> **Data entries**
#####
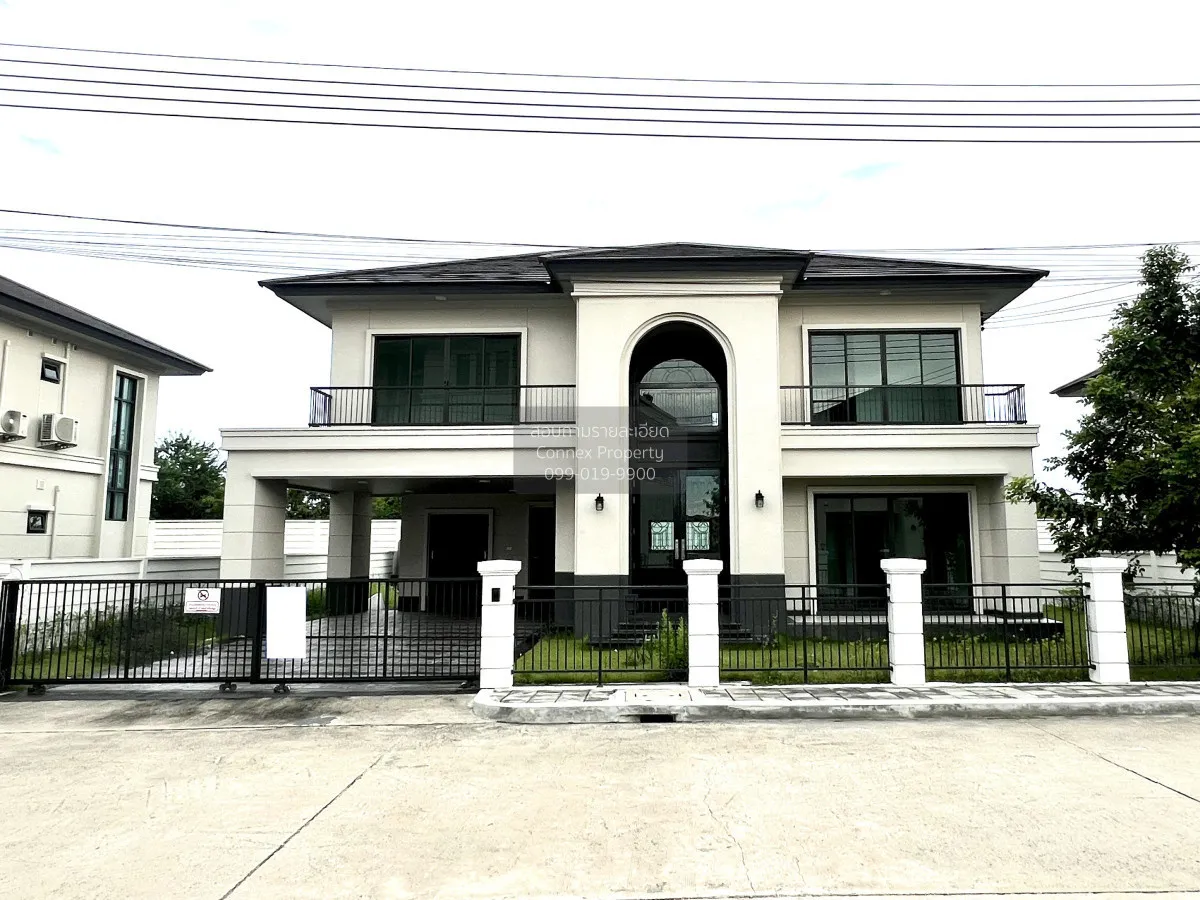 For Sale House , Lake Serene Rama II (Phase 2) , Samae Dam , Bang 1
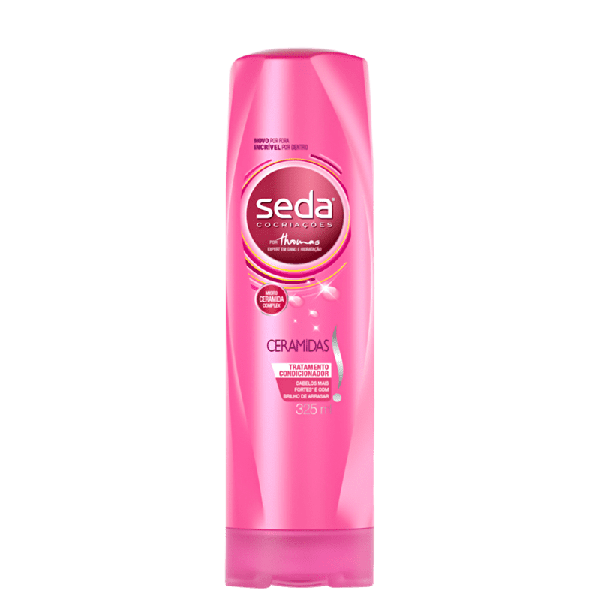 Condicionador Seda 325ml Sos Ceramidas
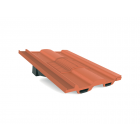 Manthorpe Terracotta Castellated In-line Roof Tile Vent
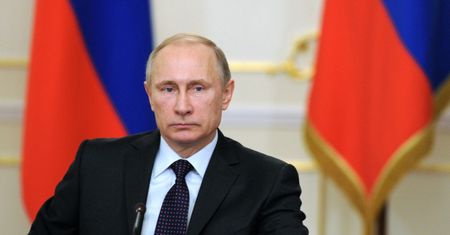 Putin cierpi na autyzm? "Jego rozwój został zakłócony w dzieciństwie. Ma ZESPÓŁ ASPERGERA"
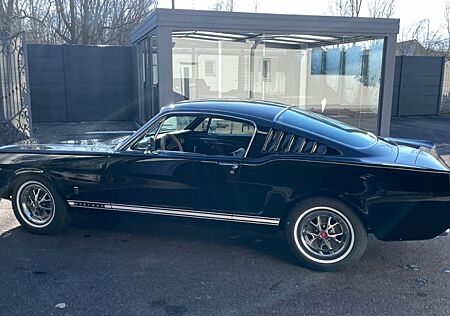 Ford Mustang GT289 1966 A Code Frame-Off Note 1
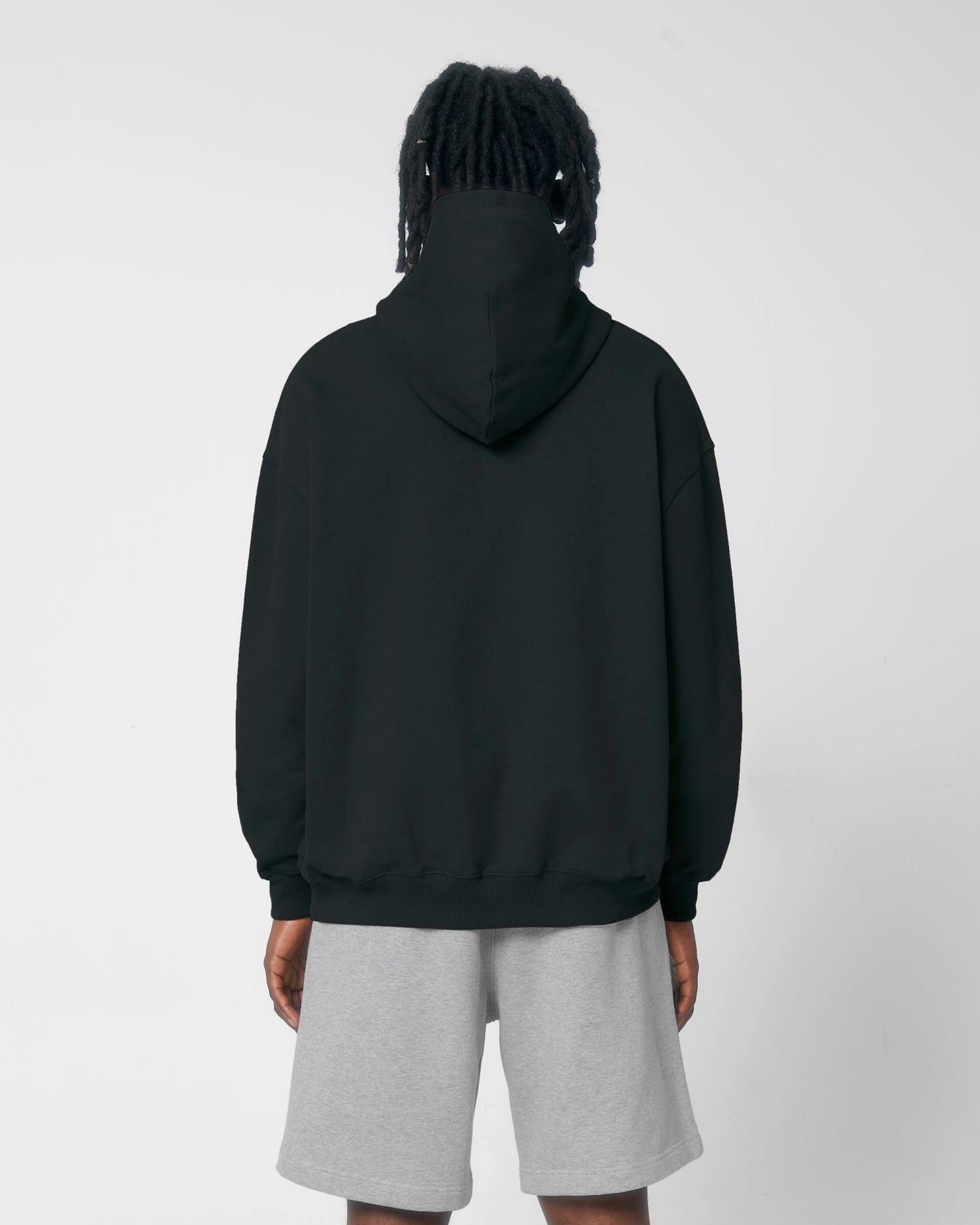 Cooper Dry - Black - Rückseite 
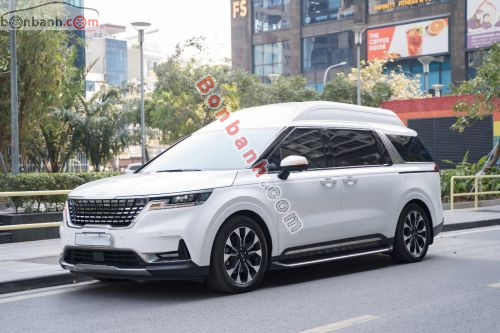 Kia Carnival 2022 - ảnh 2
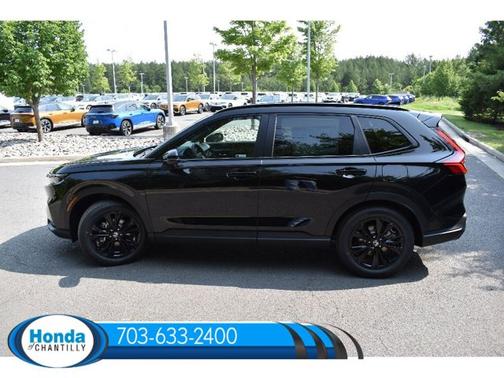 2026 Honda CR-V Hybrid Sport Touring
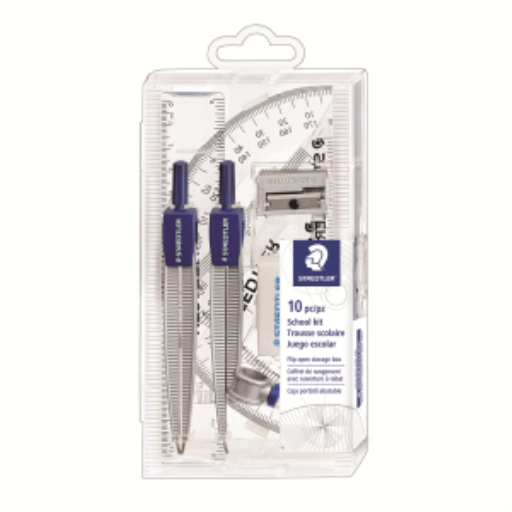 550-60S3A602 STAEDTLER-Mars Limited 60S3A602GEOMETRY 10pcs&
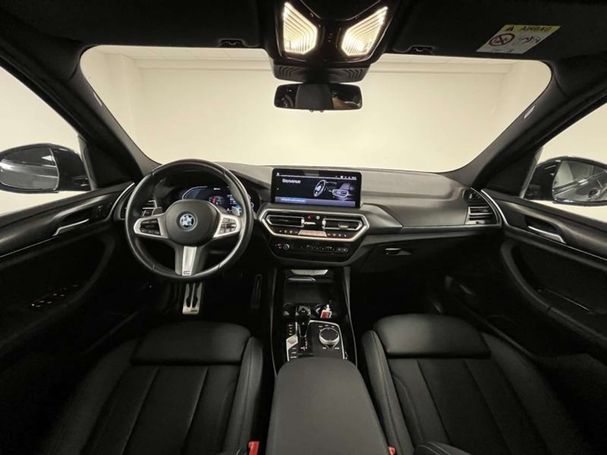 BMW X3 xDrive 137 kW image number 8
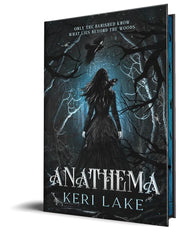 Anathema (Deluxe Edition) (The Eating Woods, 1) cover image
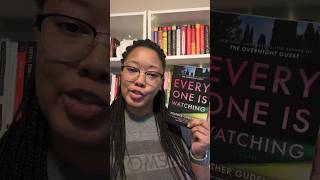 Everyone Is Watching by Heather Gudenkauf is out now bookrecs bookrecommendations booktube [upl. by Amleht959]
#####
> **WORK TO COMPLETE**
Would you transcribe, exactly and only, the lines from the one that contains "550-60S3A602 STAEDTLER-Mars Limited" through the last line of the data above, without any pictures?

> **ANSWER TO THIS TASK**
 550-60S3A602 STAEDTLER-Mars Limited 60S3A602GEOMETRY 10pcs&
 BMW X3 xDrive 137 kW image number 8
 Anathema (Deluxe Edition) (The Eating Woods, 1) cover image
 Everyone Is Watching by Heather Gudenkauf is out now bookrecs bookrecommendations booktube [upl. by Amleht959]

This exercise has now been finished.